Un’ode al tangibile, al tattile che scopro in ogni angolo di questo appartamento sovrastato da un incredibile lampadario che Gio Ponti disegnò per Venini. Angoli con bidoni di rotoli di plastica adesiva e di carta — «adoro la carta anche solo per la curiosità di vedere come si consuma» — libri finti che riproducono, su legno, l’essenza grafica e ciò che resta impresso negli occhi e nella memoria di storiche collane editoriali, fantasiosi ventagli, un bizzarro paravento e un interessantissimo lavoro (esposto a Villa delle Rose a Bologna nella mostra Spazio aperto al disegno) dedicato agli oggetti presenti nell’arte italiana del Novecento, divisi per categorie merceologiche: come i bicchieri estrapolati da Carlo Carrà, Filippo De Pisis e Giorgio Morandi e le uova disegnate da Felice Casorati e Piero Manzoni. E poi alcuni dei coloratissimi collage su carta o tela di piccole dimensioni esposti durante la mostra La settimana bianca, curata da Melania Gazzotti presso il centro culturale Mutty e raccolti nel relativo catalogo pubblicato da Lazy Dog. Un vivace racconto per immagini diviso in otto sezioni — composte da otto lavori ciascuna — fatto di profili di montagne, fotografie di note località turistiche, sagome di statuari sciatori, scii e racchette di altri tempi, scritte evocative e rétro, edelweiss in diverse fogge e con l’impiego di materiali inconsueti come carte da burro, plastiche adesive effetto finto legno, carte da lucido, carte metalliche e retini. «Un progetto che esprime un legame affettivo che mi lega alle montagne, ma che è nato soprattutto dalla particolare pregnanza e forza dell’immaginario legato a quei luoghi. Sono stati il mio lavoro e il mio approccio espressivo ad avvicinarmi al mondo dello sci e della settimana bianca tra le Alpi e non viceversa. Io lavoro sempre con immagini riprodotte, spesso banali. Immagini anche imprecise, ma comunque fortemente evocative».

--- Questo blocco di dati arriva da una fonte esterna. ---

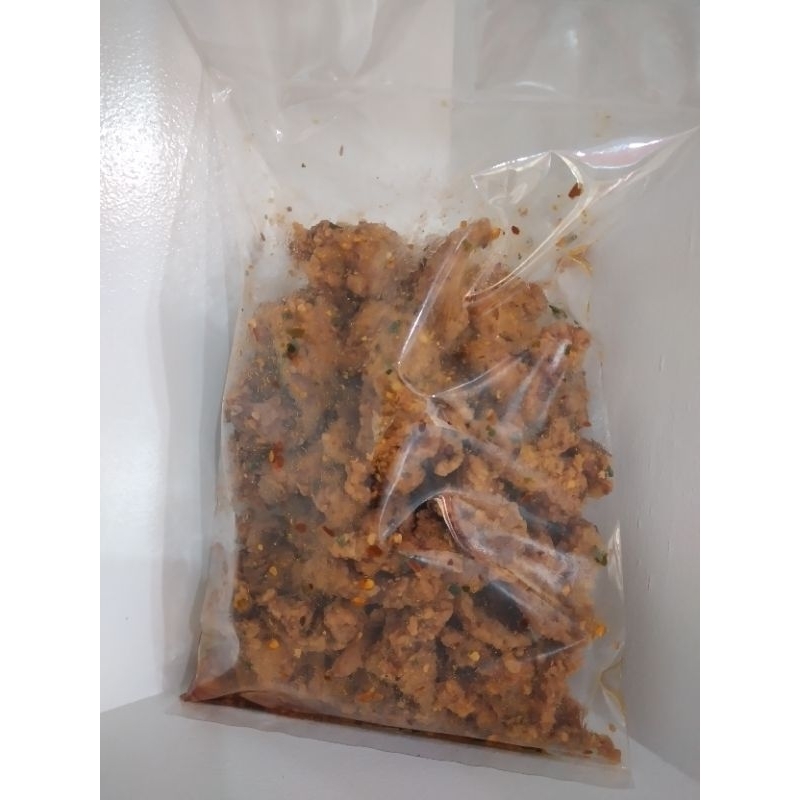 

keripik/kerupuk Kulit Ayam Asli Gurih Renyah Pedas dan enak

Un amore per la montagna che trova conferma anche quando faccio capolino in cucina dove fra pentole e colori si trova il piccolo museo privato di una collezionista sui generis. Su una mensola sfilano, infatti, una serie di piccoli oggetti quasi tutti dedicati alla Svizzera il cui immaginario stereotipato non poteva che rapire Emi: cartoline, scatole di cioccolatini, miniature di mucche. Un mondo un po’ falso e un po’ vero, un gioco fra simulazione e invenzione che Emi ha sempre abitato fin da quando Denis Santachiara la invitò a partecipare alla mostra La Neomerce, Il design dell’invenzione e dell’estasi artificiale che si tenne alla Triennale dove l’artista mantovana espose un modellino del grattacielo AT&T appena ultimato a New York dall’architetto Philip Johnson, animato da suoni, luci e fumo. «Un progetto in cui esprimevo l’archetipo dell’incubo americano, ossia un incendio in un luogo chiuso da cui è impossibile fuggire. Il terrore americano di perdere il controllo». L’esempio più tangibile dei molteplici sguardi che Emi ha sulla realtà e sulla sua capacità di giocare con tutto ciò che la circonda senza smettere di offrire letture polisemiche che spingono a chiederci cosa possa pulsare sotto l’impermeabile superficie delle cose.